Subjects' progress or lack of progress toward recovery was tracked from the start of the study to 12 months later.
At the end of the year, 64 percent of subjects who had received intensive psychotherapy were no longer depressed, whereas 52 percent of subjects who had received the control condition were. This was a statisticaly significant difference. Moreover, the average time to recovery among subjects in the intensive psychotherapy group was 113 days, while it was 146 days among subjects in the control group.
Furthermore, the researchers could find no significant differences among the three intensive psychotherapies in their ability to aid and sustain recovery from depression. The reason, they said, may be due to the fact that their inquiry did not include enough subjects to detect such differences or that the psychotherapies, which are similar in many ways, are truly comparable in effectiveness.

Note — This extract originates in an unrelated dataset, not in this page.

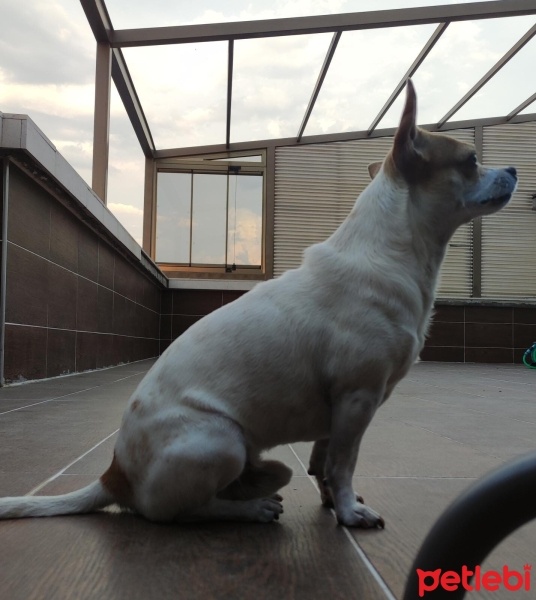 Chihuahua, Köpek  HERKÜL fotoğrafı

Thus, “given the limited benefits of antidepressant medications in patients with bipolar depression who are taking mood stabilizers,” Sachs and his team concluded in their Archives of General Psychiatry report, “referral for intensive psychosocial treatment seems to be an especially important addition to clinical care.”
But how about cost? “Intensive treatments [such as these], although seeming to be more effective than brief treatments in hastening recovery from episodes, maintaining stability, and delaying recurrences, are also more costly,” Sachs and his group said. However, “treatment-associated costs must be carefully balanced against the potential gains for patients in functioning and quality of life and, possibly, reductions in rates of hospitalization or polypharmacy.”
Sachs told Psychiatric News that the most crucial take-home messages from these two studies are that “it is not necessary to add a standard antidepressant medication when starting treatment for patients with bipolar depression [and that] the strongly positive outcomes for the psychosocial interventions suggest that these treatments should always be offered to bipolar depressed patients.”